The 1960s proved to be the most successful decade for the Impressions.   During those years they recorded 14 Top Ten songs including “Gypsy Woman” in 1961, which reached #2 on the Billboard R&B charts.  “Gypsy Woman” was followed by a series of songs that were inspired by the civil rights movement and later the Black Power era. They included “It’s All Right” in 1963,  “Keep on Pushing” in 1964, “People Get Ready” in 1965, and “We’re a Winner” in 1968.  Besides achieving recording success during this period, Curtis Mayfield and the Impressions became the leading artists identified with black music that featured “social commentary.”

In 1968 Mayfield became one of the first African American artists to own a recording studio and production company.  Both were located in Chicago.  Mayfield also formed Curtom Records in 1970, an independent label that allowed him to write and produce hit records for artists such as Gladys Knight and the Pips, Aretha Franklin, and the Staples Singers.

In 1970, Mayfield left the Impressions to pursue a solo career in the newly developing funk music genre.  Although he would record the commercially successful albums Curtis in 1970 and Curtis/Live! in 1971, his soundtrack for the movie Superfly in 1971 gained him the most recognition.

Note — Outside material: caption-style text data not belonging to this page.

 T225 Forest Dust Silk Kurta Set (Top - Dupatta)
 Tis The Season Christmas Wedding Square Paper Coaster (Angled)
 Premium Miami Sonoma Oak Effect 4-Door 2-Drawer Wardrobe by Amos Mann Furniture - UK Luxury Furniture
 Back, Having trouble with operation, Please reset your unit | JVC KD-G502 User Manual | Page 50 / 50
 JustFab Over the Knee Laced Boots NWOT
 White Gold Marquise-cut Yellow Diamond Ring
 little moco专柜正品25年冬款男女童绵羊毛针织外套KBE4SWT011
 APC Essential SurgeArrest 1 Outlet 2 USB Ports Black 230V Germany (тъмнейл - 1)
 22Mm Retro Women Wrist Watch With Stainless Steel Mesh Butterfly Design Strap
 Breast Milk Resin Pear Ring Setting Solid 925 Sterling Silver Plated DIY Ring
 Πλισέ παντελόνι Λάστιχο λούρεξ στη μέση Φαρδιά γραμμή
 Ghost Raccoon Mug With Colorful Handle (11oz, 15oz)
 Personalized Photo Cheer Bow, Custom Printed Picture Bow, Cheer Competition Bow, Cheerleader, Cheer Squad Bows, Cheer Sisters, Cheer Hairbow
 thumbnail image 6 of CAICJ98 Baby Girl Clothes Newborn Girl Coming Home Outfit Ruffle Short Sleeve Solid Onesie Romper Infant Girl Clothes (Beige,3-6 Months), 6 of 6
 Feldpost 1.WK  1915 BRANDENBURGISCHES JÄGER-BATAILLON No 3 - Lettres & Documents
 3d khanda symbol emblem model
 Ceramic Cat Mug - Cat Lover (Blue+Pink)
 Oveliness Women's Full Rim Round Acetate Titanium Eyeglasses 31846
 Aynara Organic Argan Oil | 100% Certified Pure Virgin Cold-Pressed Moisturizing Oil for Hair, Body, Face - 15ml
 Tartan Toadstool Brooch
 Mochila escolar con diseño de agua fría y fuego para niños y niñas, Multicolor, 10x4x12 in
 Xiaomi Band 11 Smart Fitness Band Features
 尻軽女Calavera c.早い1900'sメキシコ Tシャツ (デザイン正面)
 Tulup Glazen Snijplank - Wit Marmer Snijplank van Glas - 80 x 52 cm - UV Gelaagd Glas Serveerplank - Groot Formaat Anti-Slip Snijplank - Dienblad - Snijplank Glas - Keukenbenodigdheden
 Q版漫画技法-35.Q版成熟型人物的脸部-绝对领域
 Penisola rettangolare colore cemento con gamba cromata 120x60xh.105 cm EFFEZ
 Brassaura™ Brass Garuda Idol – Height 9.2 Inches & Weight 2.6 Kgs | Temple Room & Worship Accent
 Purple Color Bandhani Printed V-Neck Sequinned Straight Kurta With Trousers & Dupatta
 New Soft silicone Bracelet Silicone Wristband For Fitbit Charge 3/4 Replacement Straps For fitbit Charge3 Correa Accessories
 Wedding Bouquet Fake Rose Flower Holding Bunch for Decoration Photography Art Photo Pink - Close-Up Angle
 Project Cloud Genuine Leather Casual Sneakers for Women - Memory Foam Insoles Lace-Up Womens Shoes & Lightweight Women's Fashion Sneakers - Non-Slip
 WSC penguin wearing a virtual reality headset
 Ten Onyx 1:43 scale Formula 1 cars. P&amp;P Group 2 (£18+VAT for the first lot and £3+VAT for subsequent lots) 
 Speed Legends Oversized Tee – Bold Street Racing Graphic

Mayfield’s popularity began to decline by the mid-1970s although he continued to record and perform into the 1980s.  On August 13, 1990, while performing during an outdoor concert in Brooklyn, New York Curtis Mayfield was struck on the head by a falling light structure.  The blow paralyzed him from the neck down.  Although he no longer performed, he continued to dictate songs.   In 1996 he released a book of poetry and song lyrics titled “In Poem and Song.”

Curtis Mayfield has the distinction of being one of the few artists inducted into the Rock n’ Roll Hall of Fame twice, once with the Impressions in 1991, and again as a solo artist in 1999. On December 26, 1999 Curtis Lee Mayfield died in Atlanta, Georgia, leaving behind a wife, and ten children.